Quick start (2 minutes)
- Run an Apify task or actor at least once
- Create a new Airtable table
- Default primary field is fine
- Generate an Airtable personal access token
- Paste:
- Apify Source URL
- Airtable Base ID
- Airtable Table Name
- Run the actor
How Airtable columns are handled (very important)
This actor does NOT create Airtable columns automatically
Instead, it follows a safe, intentional schema model:
- The actor inspects the Airtable table
- It checks which columns already exist
- It writes only fields that match existing column names
- All other fields are skipped
This prevents:
- Accidental schema pollution
- Invalid column types
- Unusable tables
Partial schema matching (key concept)
You do not need to add every dataset field as a column.
Rules:
- At least 2 matching columns must exist
- If fewer than 2 fields match:
- No records are written
- The actor logs exactly which fields you may want to add
⭐ How to create missing columns (step-by-step)

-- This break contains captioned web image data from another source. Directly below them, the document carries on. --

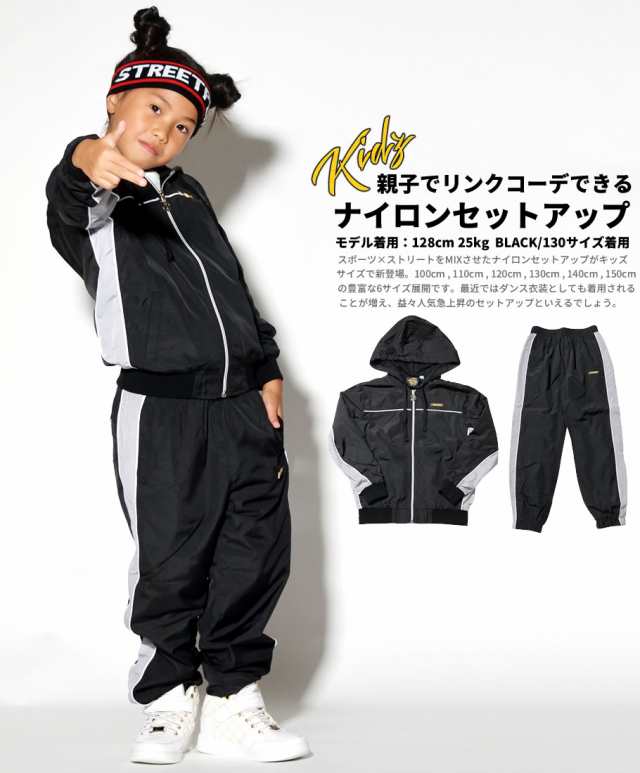 サウスポール スウェット スタジャン B-BOY ヒップホップ - ジャケット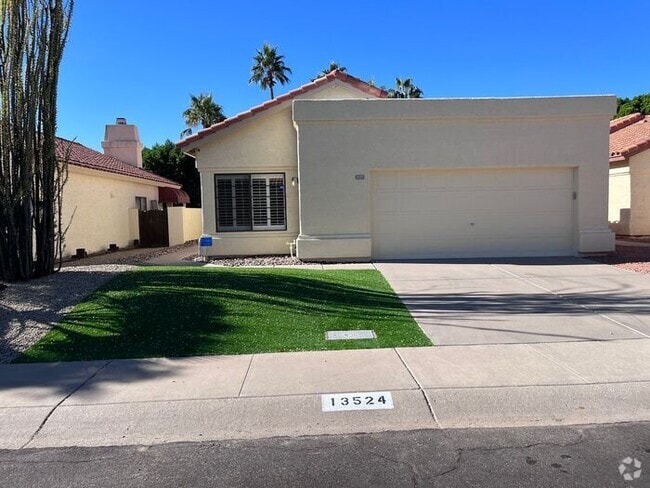 Building Photo - Adorable light and bright! 3Bedroom/2Bath ... Rental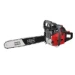 Scheppach Benzine Kettingzaag CSP5300 - 51cm - 53cc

If the actor cannot find enough matching columns:
- Open the Run logs in Apify
- Look for messages like:
Not enough matching columns. Airtable has: name, company You may want to add columns like: email, job_title, profile_url, location
- Go to your Airtable table
- Create any columns you want using those names
(you do NOT need to add them all) - Rerun the actor
As soon as 2 or more fields match, the actor will:
- Write all matching fields
- Skip the rest
- Proceed normally
This gives you full control over your Airtable schema.
What this actor does
- Pulls results from ONLY the most recent run
- Writes new Airtable records (no upserts)
- Flattens nested JSON into Airtable-friendly fields
- Writes only matching Airtable columns
- Skips unknown fields safely
- Prevents duplicate runs from being processed twice
- Handles Airtable rate limits safely
What this actor does NOT do
- ❌ Does not start or rerun Apify tasks or actors
- ❌ Does not scrape or crawl websites
- ❌ Does not process historical runs
- ❌ Does not auto-create Airtable columns
- ❌ Does not dedupe rows inside Airtable
If you need scraping or enrichment, run those actors before this one.
Required inputs
Apify Source URL
Paste one of:
- Task URL
- Actor URL
- Task ID
- Actor ID
Only the most recent run is used.
Airtable credentials
- API Key (personal access token)
- Base ID (e.g.
appXXXXXXXXXXXXXX) - Table Name
Deduplication (run-lock)
Run-lock prevents pushing the same Apify run more than once.
This makes the actor safe to:
- schedule
- rerun
- automate
⚠️ This is run-level deduplication, not row-level deduplication.
New runs will always create new records.
Pricing
Billed per Airtable record processed.
- $1 per 1,000 records
- Example: 2,500 records → $2.50
- A small actor start fee may also apply
Common issues
“No runs found”
Run your Apify task or actor at least once.
“Latest run status is not SUCCEEDED”
Fix the upstream run and rerun it.
“No records written”
Check the logs:
- You likely have fewer than 2 matching Airtable columns
- The logs will list suggested column names to add
Airtable column errors
Usually caused by:
- Wrong column type
- Mixing schemas in one table
Creating a new table per actor almost always resolves this.
Recommended workflow
Apify Task or Actor (scheduled) ↓ Apify → Airtable Results Pusher (this actor) ↓ Airtable (CRM, ops, pipelines, reporting)
Summary
This actor is intentionally simple and opinionated:
- You control the Airtable schema
- The actor never mutates it
- Logs tell you exactly what to add
- Runs are safe, repeatable, and predictable
If you want a reliable bridge between Apify and Airtable — without surprises — this actor is built for that.